+++ Data extracts +++

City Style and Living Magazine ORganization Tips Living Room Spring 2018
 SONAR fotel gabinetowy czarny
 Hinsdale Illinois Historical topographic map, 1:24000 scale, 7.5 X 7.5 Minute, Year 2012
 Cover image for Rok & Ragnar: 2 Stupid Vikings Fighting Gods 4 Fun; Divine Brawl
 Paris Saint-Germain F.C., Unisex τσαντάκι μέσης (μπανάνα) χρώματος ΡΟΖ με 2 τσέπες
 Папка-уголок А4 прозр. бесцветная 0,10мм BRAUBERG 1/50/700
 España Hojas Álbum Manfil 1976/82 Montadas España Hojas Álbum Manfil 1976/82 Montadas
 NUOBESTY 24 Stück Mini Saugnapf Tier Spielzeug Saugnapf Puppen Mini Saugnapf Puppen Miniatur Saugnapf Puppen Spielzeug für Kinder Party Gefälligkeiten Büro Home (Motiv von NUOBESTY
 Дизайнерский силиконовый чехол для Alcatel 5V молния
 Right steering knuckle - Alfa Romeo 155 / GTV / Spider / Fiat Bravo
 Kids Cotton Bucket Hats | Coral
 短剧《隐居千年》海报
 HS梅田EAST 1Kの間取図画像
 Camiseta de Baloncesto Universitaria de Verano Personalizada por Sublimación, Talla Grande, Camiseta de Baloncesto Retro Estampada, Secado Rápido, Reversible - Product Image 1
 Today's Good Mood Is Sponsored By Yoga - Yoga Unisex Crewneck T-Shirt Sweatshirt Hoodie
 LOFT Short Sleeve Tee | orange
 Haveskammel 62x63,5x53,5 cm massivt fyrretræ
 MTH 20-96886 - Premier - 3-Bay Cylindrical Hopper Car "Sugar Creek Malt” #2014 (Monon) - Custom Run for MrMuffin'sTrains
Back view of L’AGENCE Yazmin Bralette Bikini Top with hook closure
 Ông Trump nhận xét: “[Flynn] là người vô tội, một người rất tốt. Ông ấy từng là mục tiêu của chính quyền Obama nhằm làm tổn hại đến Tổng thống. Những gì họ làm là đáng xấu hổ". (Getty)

+++

— What the task requires —
In the listing above, find the line containing "Haveskammel 62x63,5x53,5 cm massivt fyrretræ"; that line and every line after it, through the last, are to be retyped exactly.

— Result —
 Haveskammel 62x63,5x53,5 cm massivt fyrretræ
 MTH 20-96886 - Premier - 3-Bay Cylindrical Hopper Car "Sugar Creek Malt” #2014 (Monon) - Custom Run for MrMuffin'sTrains
Back view of L’AGENCE Yazmin Bralette Bikini Top with hook closure
 Ông Trump nhận xét: “[Flynn] là người vô tội, một người rất tốt. Ông ấy từng là mục tiêu của chính quyền Obama nhằm làm tổn hại đến Tổng thống. Những gì họ làm là đáng xấu hổ". (Getty)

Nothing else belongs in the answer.